Wednesday, August 19, 2009

Two Theories

I have two theories when it comes to school supplies and buying them for your children. What is that, you say? You don't have to buy school supplies because you don't live in Idaho? Well, aren't you just special then. I really don't want to talk about it or I might start cursing in Italian again. Okay, I have calmly counted to 10 and can continue now.

The first theory is that all of the stores in Idaho Falls have decided that adults don't have enough fun when they go shopping. So these stores got together and made a master scavenger hunt list out of all the school supplies handed out to us parents. If this is the case, I will gladly trade 8 glue sticks and one Hannah Montana Folder for 3 watercolor sets. Or 3 10 packs of pencils and 4 spiral notebooks. Or both. I just need those blasted watercolors.

The second is that the PTO (Parent Teacher Organization) is a group genius, and they have just hoarded all of the watercolor sets in the grand scheme of making us parents pay exorbitant prices for them later. It is the black market at its finest. And where would these nice ladies learn such deceitful behavior?
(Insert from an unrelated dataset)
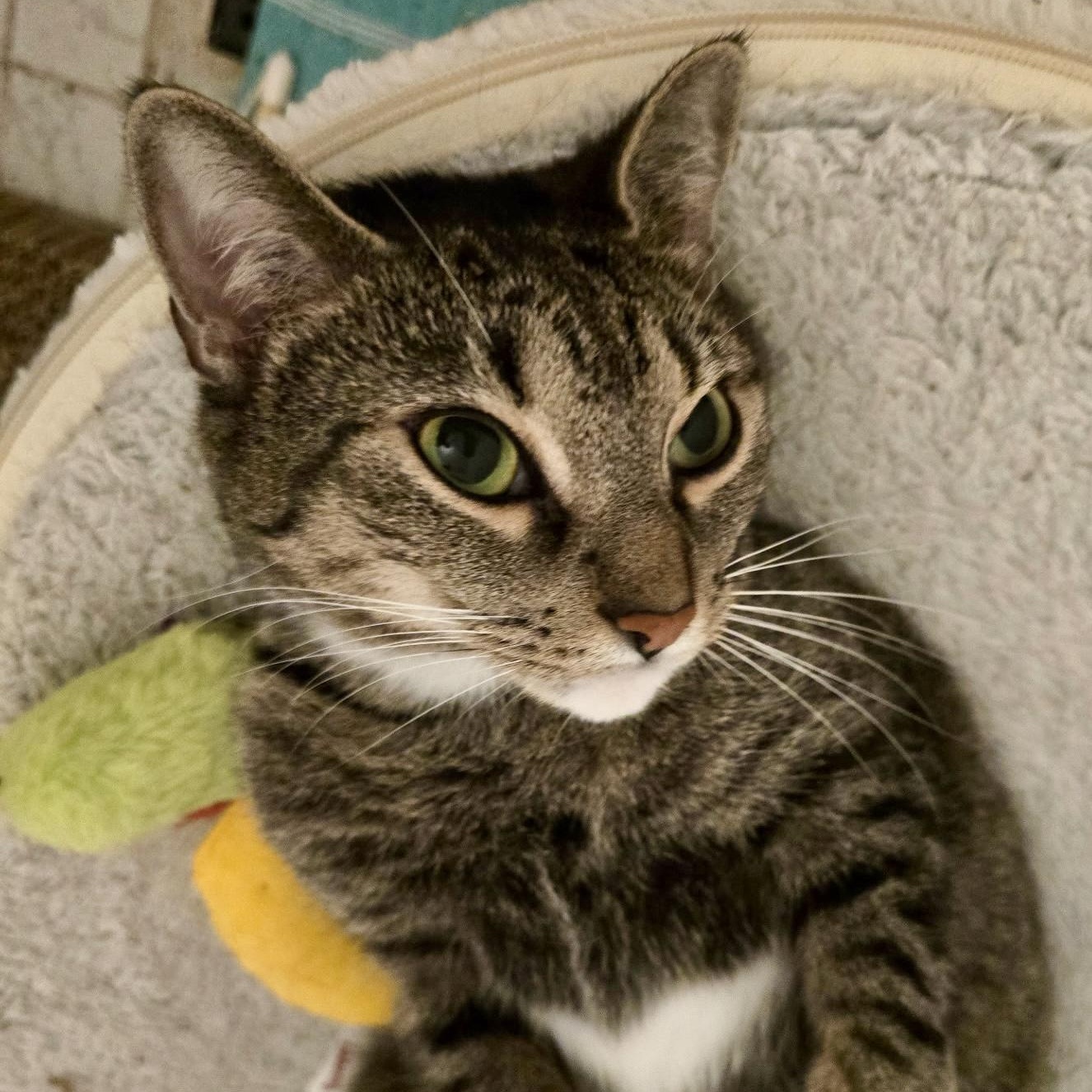 Enlarge Skylar, a Adoptable Domestic Short Hair in Tampa, FL image 1/2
Well, let me answer that with the following question: who do you think teaches mafia members how to keep things so secretive and borderline legal? That's right, from their moms who were in the PTO and desperate to raise money for new playground equipment.

So what is a frantic parent to do? You have two choices.
You can picket the school with the hourly threat of being killed by the "Momma Mafia" aka PTO, with the hopes that finally the local politicians will recognise the dire situation and declare a state emergency. As well as get in some good camera time for themselves. Then a SWAT team will be sent in to find and release all hostage watercolor sets. Of course, you and your family will be forced into the Witness Protection Program for your efforts.
Or you can choose to act ignorant. Maybe the teacher will never realize you dropped your kid off at school without every school item listed. Be prepared for it to backfire, just in case. "What's that, Mrs. Smith? Little Johnny doesn't have his watercolors? I was sure I packed them in with the other school supplies...Well, give me a day or two to look for them around the house." Then drive up to Canada where the watercolors are a part of socialism and free to everyone. Just don't let those Mounties catch you.

4 comments:

Michelle said...

You make me laugh. Good luck finding those watercolors.

Krista said...

Um, I have a 16 watercolor. Can you find an 8? I would trade you. In addition to the hunt for supplies, Walmart is remodeling which should be against the rule during the dreaded back to school time. I am thinking it's time for Mafia action.

Jenny said...

That's what you get for living in Idaho. How many more things have to go wrong before you realize you are meant to be in Utah! Heee, Heee

Amy said...

Haha! Just wait until you are purchasing supplies for those 4 kiddies at once. Not only does it get harder to find everything, it gets infinitely more expensive! And yes, I like the idea where you pay a set fee when you register and your supplies are there when you start school. Makes a lot of sense to me. Maybe that's why you are here, to help revolutionize the school supply situation!